Aber am 2. Weihnachtsfeiertag war ich mit Kumpel Chrissy und einem Neuling und dessen bestem Kumpel seit ´ner gefühlten Ewigkeit auch mal wieder draußen an meinem Haupt-BeoPlatz. Die Bedingungen waren nicht sooo gut, es war etwas diesig. Aber es sollte das First-Light für den neuen 8er Dobson des jungen Neulings werden und das war mit ein paar Standards auch recht erfolgreich. Gegen 22Uhr wurden die beiden Jungens von ihrem Dad wieder abgeholt und Chrissy und ich wollten noch zu zweit ein wenig spechteln. Den Komet hatte ich dabei auch im Hinterkopf.

Aber nach ca. ´ner 1/2 Stunde zog es dann komplett zu und wir beschlossen unseren Kram - 12" f/5 Dobson und 6" SC plus neuer Fotomontierung von Chrissy abzubauen.

Heim wollte ich trotzdem noch nicht. Wir klönten noch etwas, tranken noch unsere Kaffeereste aus und dann ging der Himmel stellenweise wieder ETWAS auf. Die Transparenz hatte sich in den Lücken nicht verbessert, aber ich wollte unbedingt noch versuchen den Komet mit dem 20x80 Triplet zu erhaschen - freihändig, denn die zuvor abgebaute Parallelogrammmontierung wollte ich nicht nochmal aus dem Auto wuchten.

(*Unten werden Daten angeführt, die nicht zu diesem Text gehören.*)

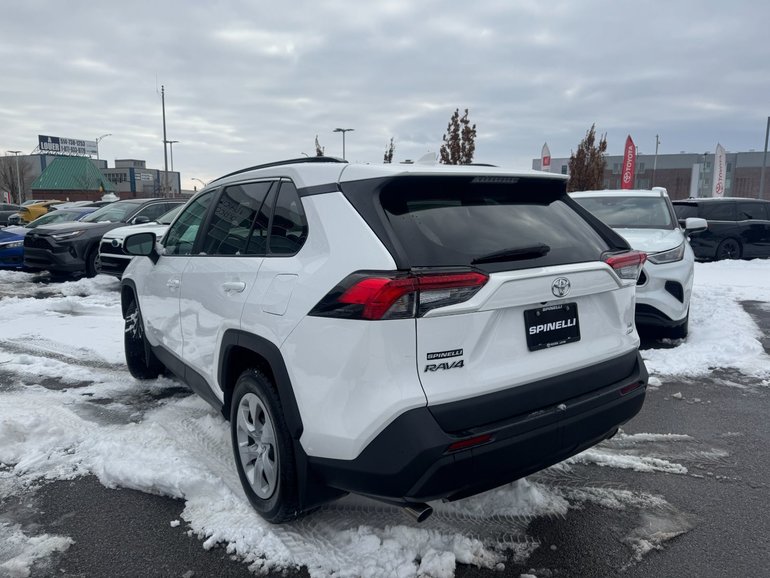 2021 Toyota RAV4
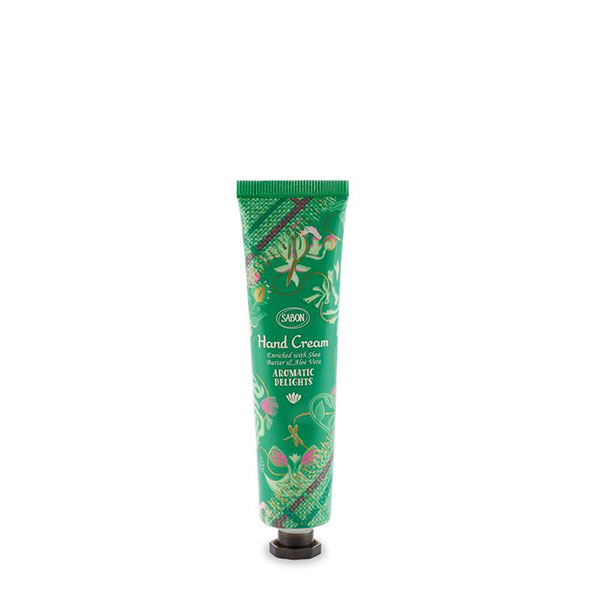 【数量限定】ハンドクリーム アロマティック・ディライト (30mL)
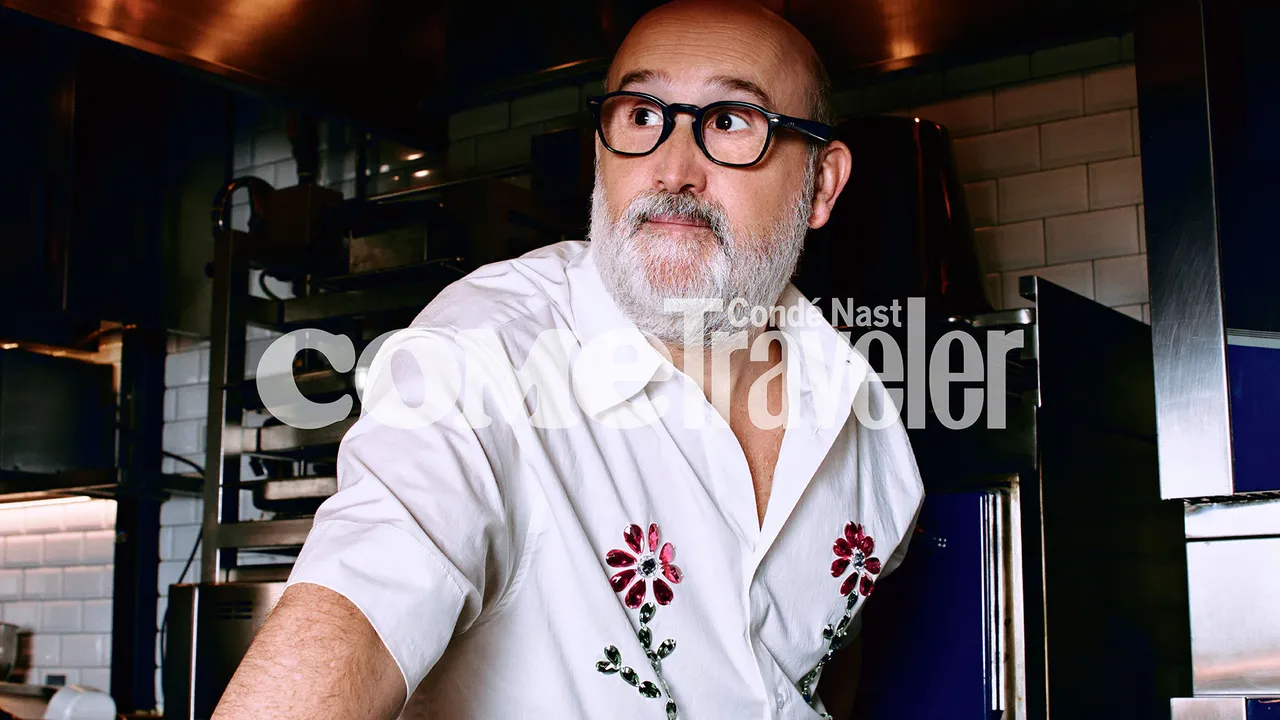 MANGER! avec Javier Cámara | Voyageur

Immer wieder musste ich meine Sichtungsversuche abbrechen und warten, bis Wolken und Nebelbänke wieder durchgezogen waren. Relativ schnell dachte ich dann, ich hätte ihn schon, aber es war dann doch nur der Kugelsternhaufen M79, der mich narrte, was auch schnell klar wurde, da die Position einfach nicht hinhauen konnte.

Aber nach ca. 20 Minuten konnte ich den schmutzigen Schneeball dingfest machen. Nachdem ich Chrissy beschrieben hatte, über welche Sterne und mit welcher Bewegung man am einfachsten auf den Kometen stößt, hatte er ihn dann auch in seinem 20x80. Is schon ein recht großes Teil. Zum Vollmonddurchmesser fehlt glaub ich nicht mehr so viel, und zum Zentrum hin ist die Koma stark kondensiert.

Wenn man mal bedenkt, wie tief der Kollege unterhalb vom Hasen rumgekrochen ist und wie diesig es an sich war, dann muss der Komet schon wirklich ziemlich hell sein, dass wir ihn unter den Bedingungen überhaupt ausmachen konnten.

Somit endete unser BeoAbend nach 4 1/2 Stunden und wir fuhren um 23.30 Uhr wieder Heim.

Trotz der alles andere als optimalen Bedingungen hat´s ´ne Menge Spass gemacht mal wieder altes Sternenlicht auf die Netzhaut zu bekommen. Und das sich im Nachbarort noch ein junger Sternfreund gefunden hat, der ganz heiß darauf ist in die BeoWelt einzusteigen, freut mich natürlich ganz besonders.